面对《九层妖塔》这样明显具有商业性诉求、主打视觉特效的大片,陆川所秉持的作者性无形中对电影创作造成了某种干预,尤其是电影对小说原著进行了任性且“肆意妄为”的大幅度重构组接。这种干预与重构的结果是,影片在情节的合理性、可信度等方面严重背离了好莱坞类型电影的叙事原则,造成了观众观影上的不适感。

总而言之,作为“作者”的陆川总是不那么欢快地走在商业化的路程上。他一步三回头,有着太多的左顾右盼、顾影自怜。

在当下的中国电影界,“类型电影”是一个不可忽视的关键词。虽然类型电影的生产模式和批评话语权均来自西方,准确地说,是来自美国。而作为一种批评话语,“类型”无疑有一种泛化甚至无边的趋势。但这种泛化趋势在笔者看来并未降低类型研究的学术价值。中国电影的类型化趋势已成为电影业界的共识,亦成为电影理论界的一门显学。电影的类型研究切近了电影作为大众文化、文化工业的品性,涉及从创意、叙事、形态到生产、宣发、分销的全过程,因而是一个相当有效的研究视角。归根到底,中国电影的类型研究,是一种宽泛的“类型性”,也可称为“类型(化)趋势”“类型(性)特征”的研究。类型或类型性,成为当下中国电影学术界非常富有生命活力、具有相当理论延展力的学术范畴[5]

但类型电影话语的泛化应该具有底线。
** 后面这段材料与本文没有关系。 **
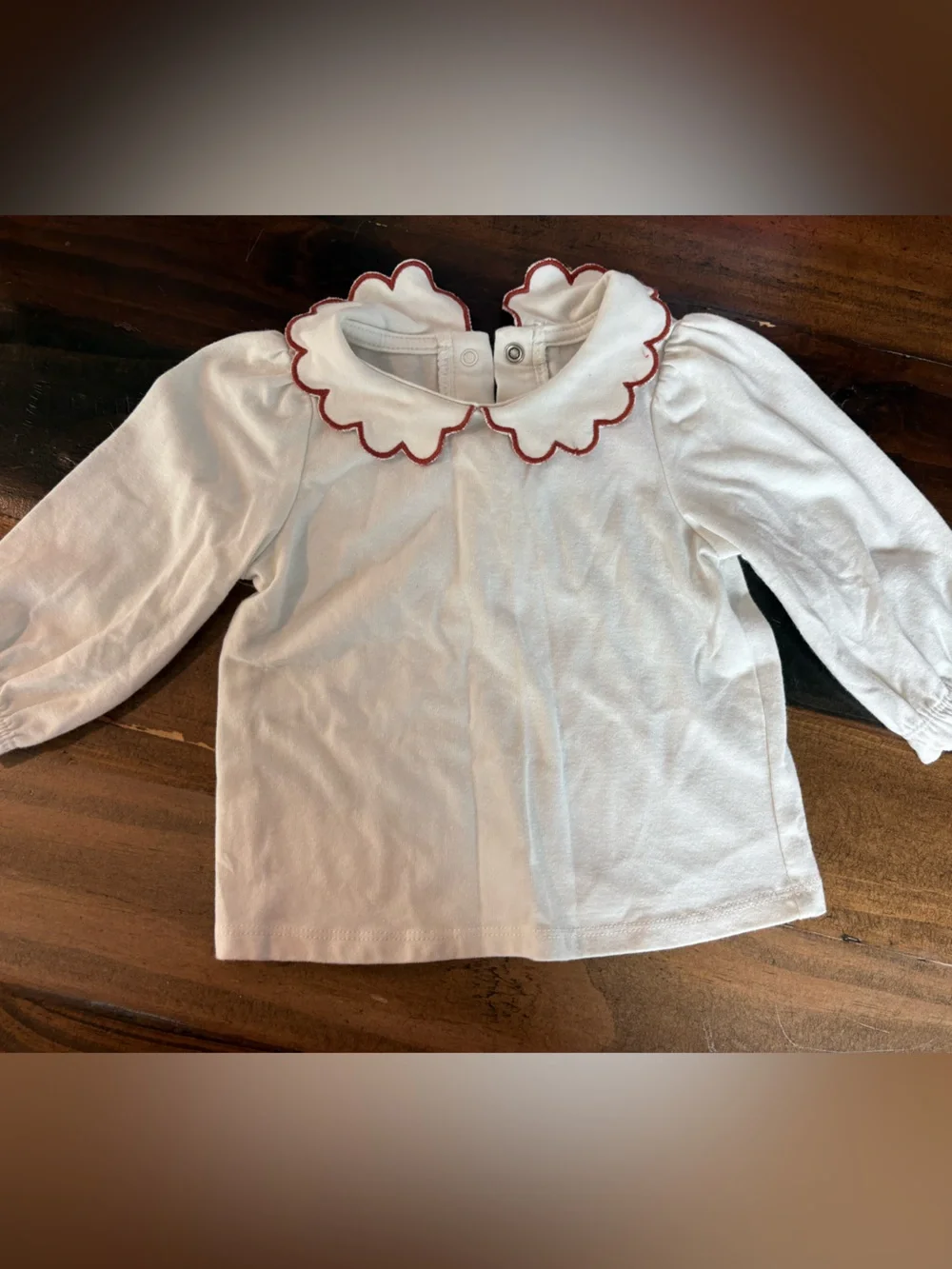 Cat & Jack collar top scalloped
笔者认为应坚持如下几点:尊重其美国源头性;尊重其商业诉求性(如明星制、制片人中心制等);保持边界——至少,艺术电影不能算类型,主旋律电影也不能说是一种类型,某些题材分类亦不能等同于类型界定;一定要讲好故事,不是纯抒情,更非纯诗意,而是可信的故事;作者性不要太强;要具有正确的价值观,不要太理想主义,不宜表达少数知识分子的精英思想……

从《九层妖塔》可见一斑,陆川那种对类型原则或有意或无意的僭越,是非常大胆的。